Women (and to a lesser extent, men) who speak out about sexual harassment or improprieties face the usual challenges as whistleblowers. They are fired, shunned by co-workers and personally attacked – very personally. Unlike IRS and SEC whistleblowers, they usually have no path to compensation unless they sue. It’s difficult to maintain anonymity.
This week, two cases emerged that highlight the nightmare of blowing the whistle on gropers, flashers, rapists, and pedophiles. The revelation of secret funding from Jeffrey Epstein has tarred the mighty MIT Media Lab and brought down its super-smart, well-respected director. And, a lawyer for Harvey Weinstein offered to “place” articles to cast accuser Rose McGowan as “unglued,” according to documents published in a new book.

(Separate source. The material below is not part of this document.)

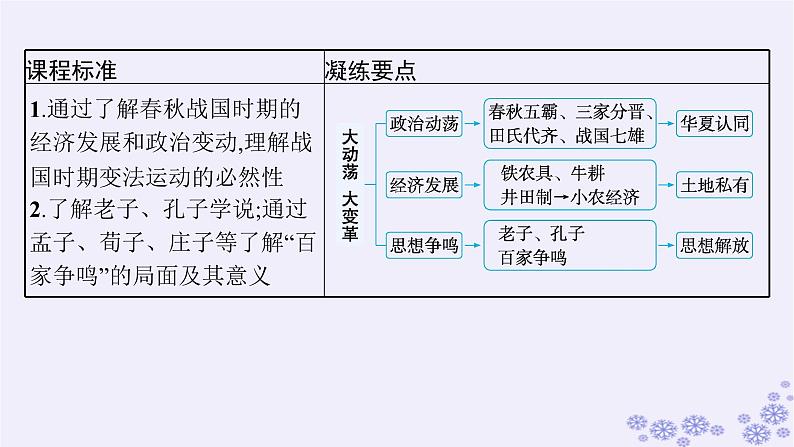 备战2025届高考历史一轮总复习第1单元从中华文明起源到秦汉统一多民族封建国家的建立与巩固第2讲诸侯纷争与变法运动课件03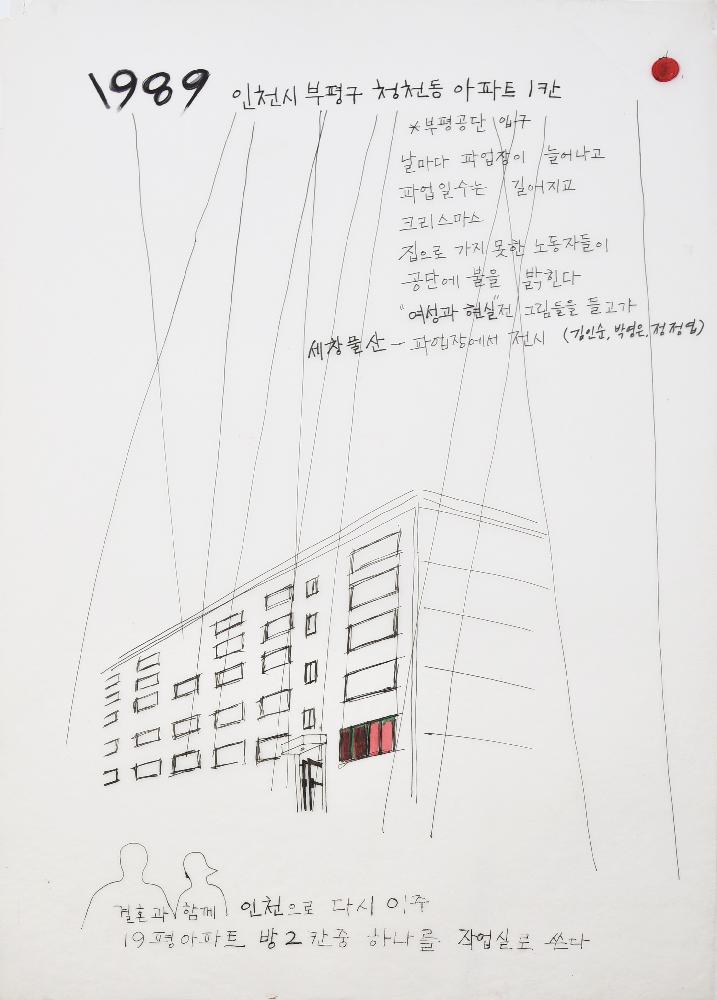 2005년 〈나의 작업실 변천사_1989〉 드로잉 1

Jessica Copen, a writer for the Women Whistleblowers website, offers this advice for those wondering whether they should go to the press or to a lawyer first.
“Before you go to the media, my advice would be to go to an experienced attorney who specializes in whistleblower/sexual harassment issues. It’s important not to destroy/ignore/withhold documents or information that pertain to your claims, even if you think it makes you look bad,” she wrote in an email. And don’t use social media to air grievances, Copen added.
Here are some details on the Media Lab case from The Boston Globe:
Top level MIT fund-raising and finance officials were aware of Jeffrey Epstein’s extensive ties to the university’s Media Lab and agreed to keep them hidden, e-mails from a whistle-blower obtained by the Globe reveal.
The e-mails suggest that, far from acting alone, Media Lab employees and the research facility’s former director, Joi Ito, had a tacit understanding with some central university administrators to keep quiet Epstein’s financial contributions and his role in helping recruit other high-level donors.
Signe Swenson, a former development staffer at the Media Lab has said she resigned in 2016 in part over the Epstein links to the lab. After getting legal help, she told the Globe that she came forward to give a fuller picture of the relationships and who knew about them.
“When I heard the statements coming from Ito and MIT, I could tell they didn’t capture the whole story and were so carefully crafted not to deny what I knew to be true either,” Swenson said. “I saw MIT was closing ranks. I couldn’t accept that.”
The New Yorker broke the disturbing story. Swenson told the magazine she feels guilty about not coming forward sooner.
“I was a participant in covering up for Epstein in 2014…Listening to what comments are coming out of the lab or M.I.T. about the relationship—I just see exactly the same thing happening again.”
In the Weinstein case, The New York Times offered some details – and a document — on aggressive retaliation proposed for Harvey Weinstein accuser Rose McGowan.
From the story, which is based on the book by Times reporters: She Said: Breaking the Sexual Harassment Story That Helped Ignite a Movement.
(L)awyer Lisa Bloom, a prominent victims’ rights attorney, was working behind the scenes with Mr. Weinstein — at a rate of $895 an hour — to quash the journalists’ investigation and thwart his accusers. In a confidential memo to Mr. Weinstein that Ms. Bloom wrote in December 2016, which is reproduced in “She Said,” she offered to help him damage the reputation of one of his accusers, Rose McGowan, and portrayed her background as a victims’s rights advocate as an asset.
“I feel equipped to help you against the Roses of the world, because I have represented so many of them,” Ms. Bloom wrote, before laying out a multistep playbook for how to intimidate accusers or paint them as liars. One of Ms. Bloom’s suggested tactics for undermining Ms. McGowan: “We can place an article re her becoming increasingly unglued, so that when someone Googles her this is what pops up and she’s discredited.”
The story reports that Bloom and Weinstein arrived at the Times the day before publication of the first story and offered information they said would exposes several accusers “as unreliable and mentally unstable.”